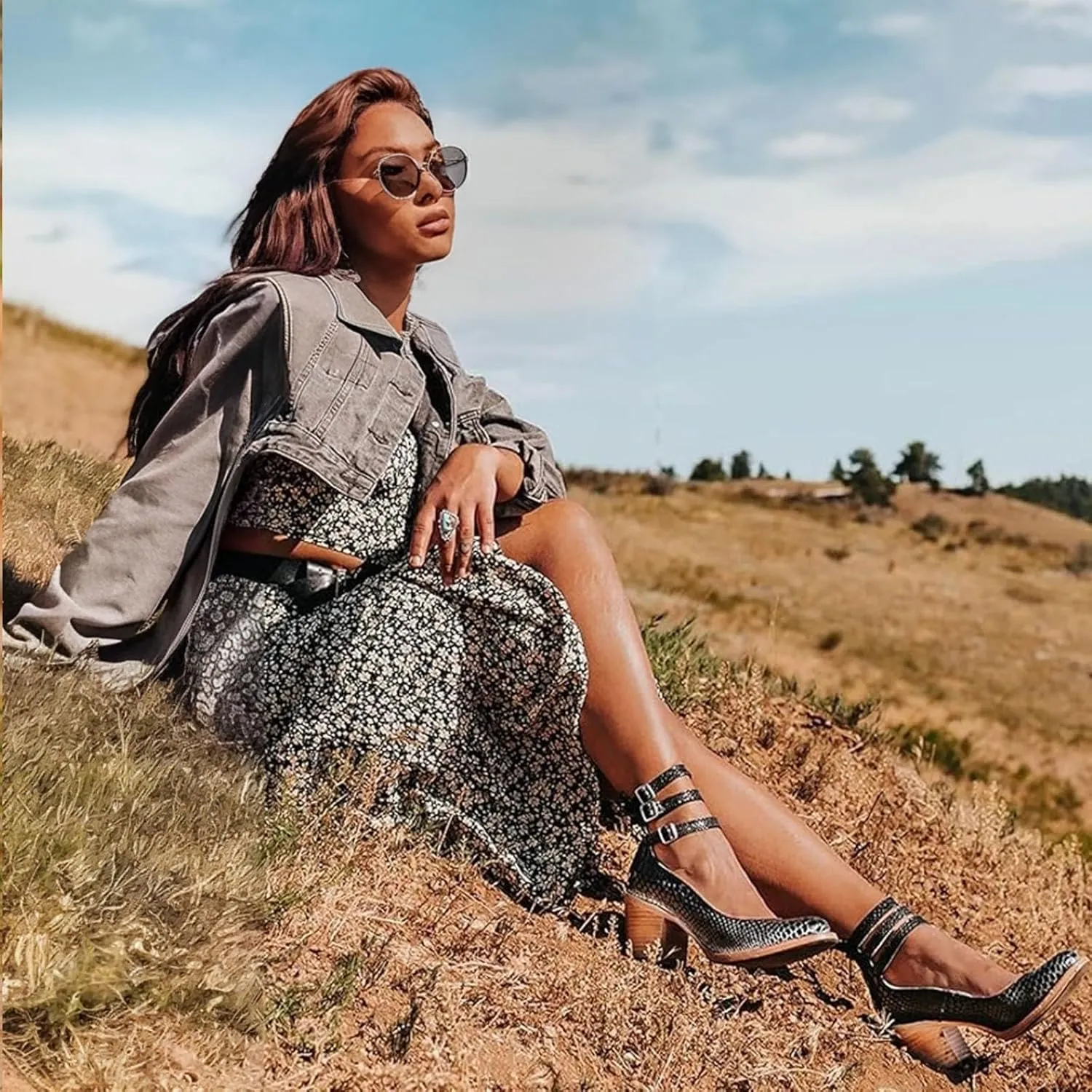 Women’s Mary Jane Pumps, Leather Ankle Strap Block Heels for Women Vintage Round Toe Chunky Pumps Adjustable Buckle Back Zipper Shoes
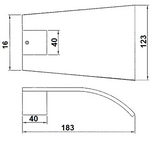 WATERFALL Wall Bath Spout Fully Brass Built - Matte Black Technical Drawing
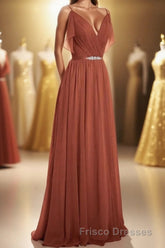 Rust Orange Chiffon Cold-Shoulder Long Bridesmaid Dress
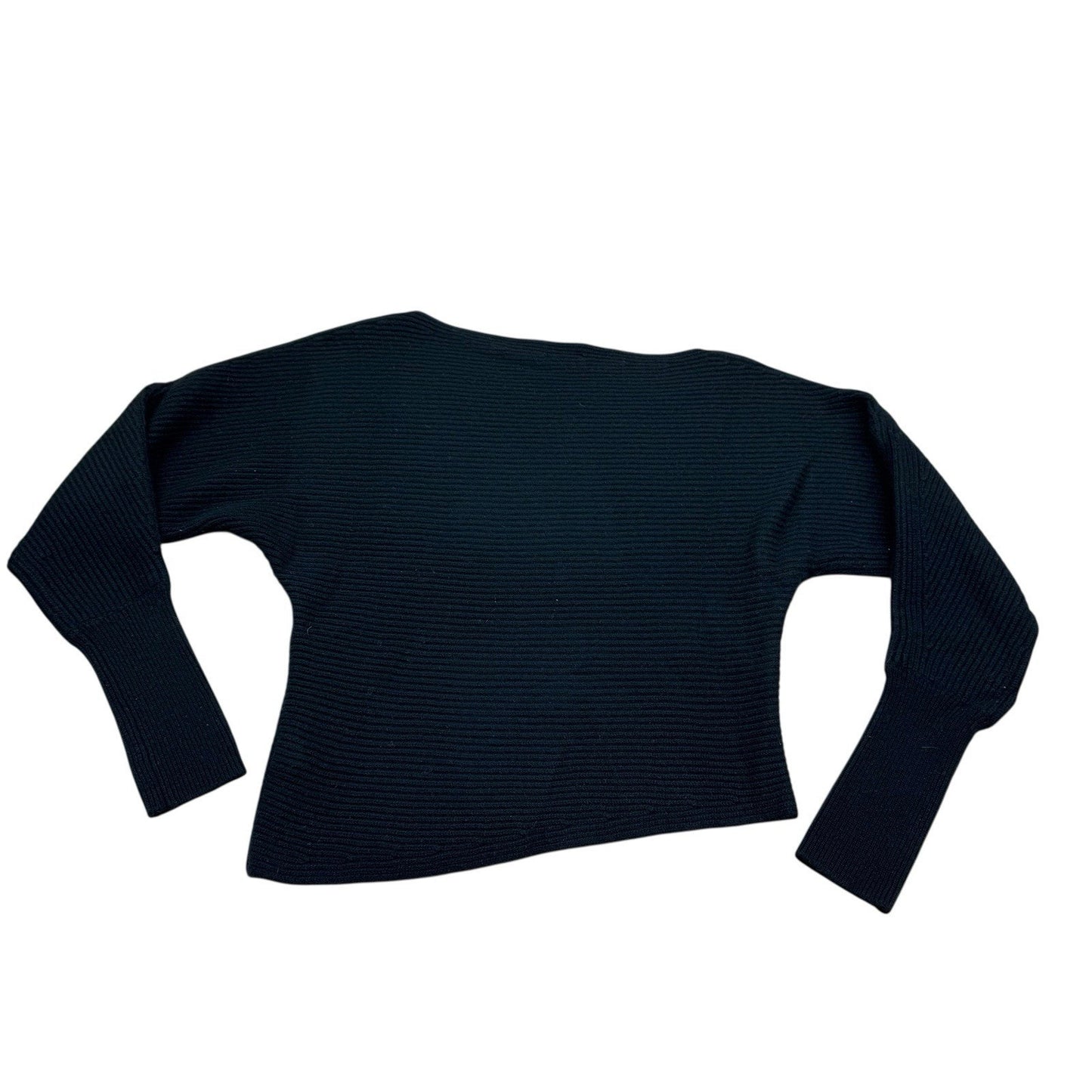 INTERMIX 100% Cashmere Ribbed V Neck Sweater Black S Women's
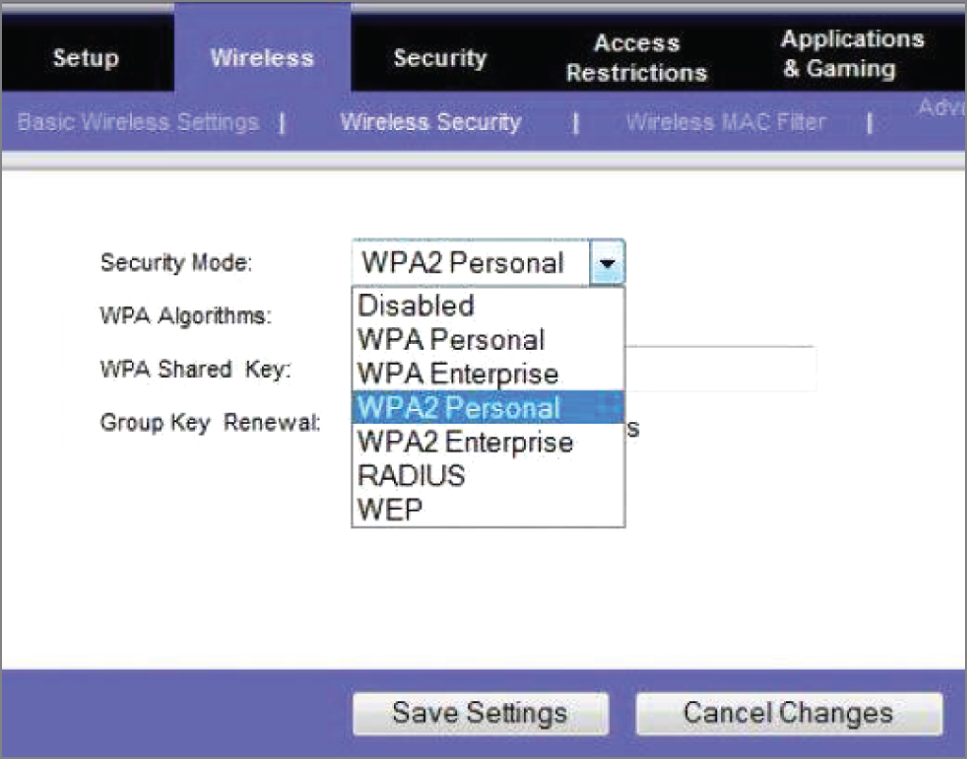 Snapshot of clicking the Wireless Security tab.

═══

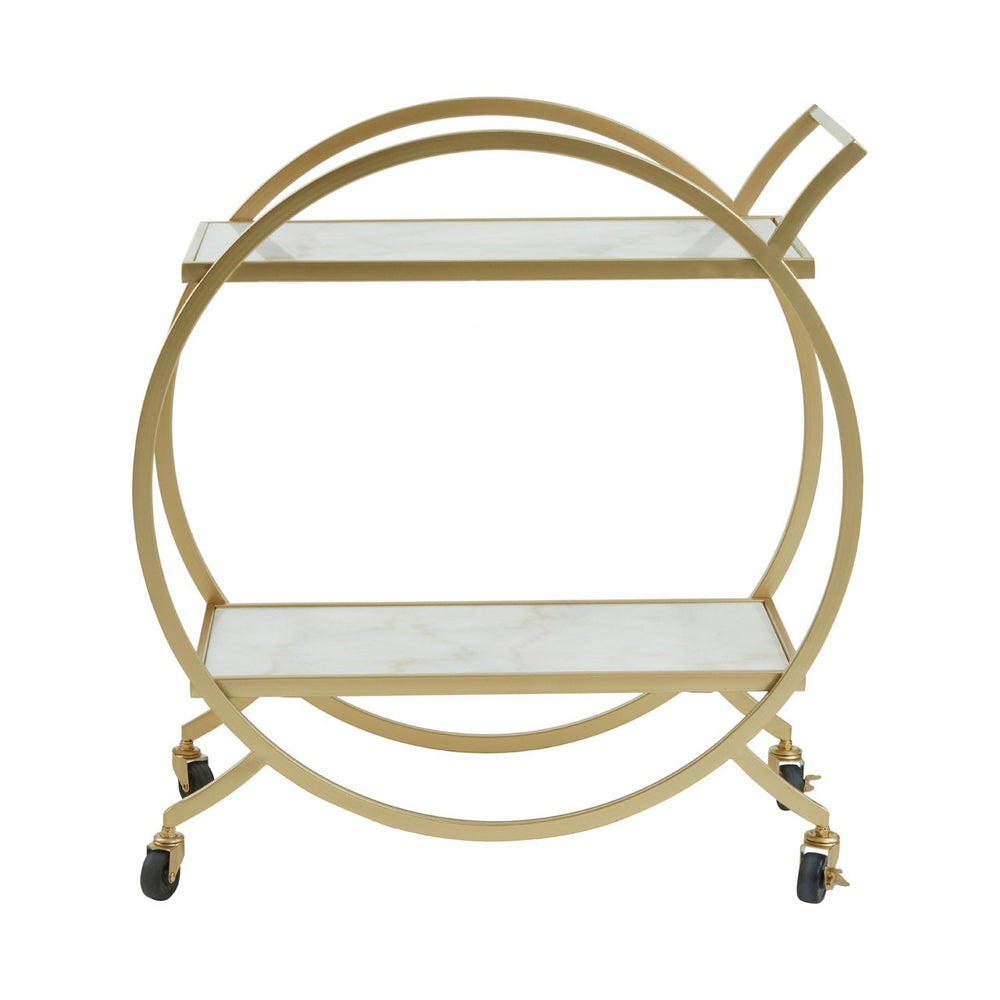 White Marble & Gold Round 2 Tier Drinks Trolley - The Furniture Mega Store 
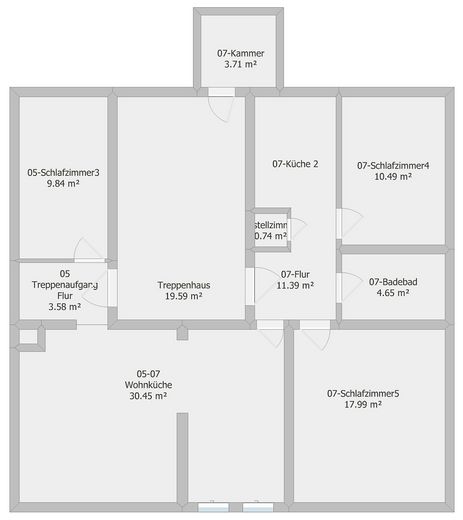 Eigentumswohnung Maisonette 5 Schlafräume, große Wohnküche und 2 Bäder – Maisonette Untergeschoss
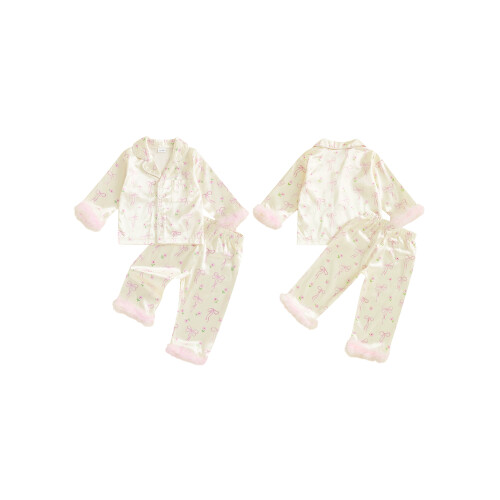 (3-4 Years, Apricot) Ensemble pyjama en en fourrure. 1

═══

→ **Problem description**
From the records above, copy only the lines running from the line holding "White Marble &" through the line holding "(3-4 Years, Apricot)", with no pictures.

→ **Written answer**
 White Marble & Gold Round 2 Tier Drinks Trolley - The Furniture Mega Store 
 Eigentumswohnung Maisonette 5 Schlafräume, große Wohnküche und 2 Bäder – Maisonette Untergeschoss
 (3-4 Years, Apricot) Ensemble pyjama en en fourrure. 1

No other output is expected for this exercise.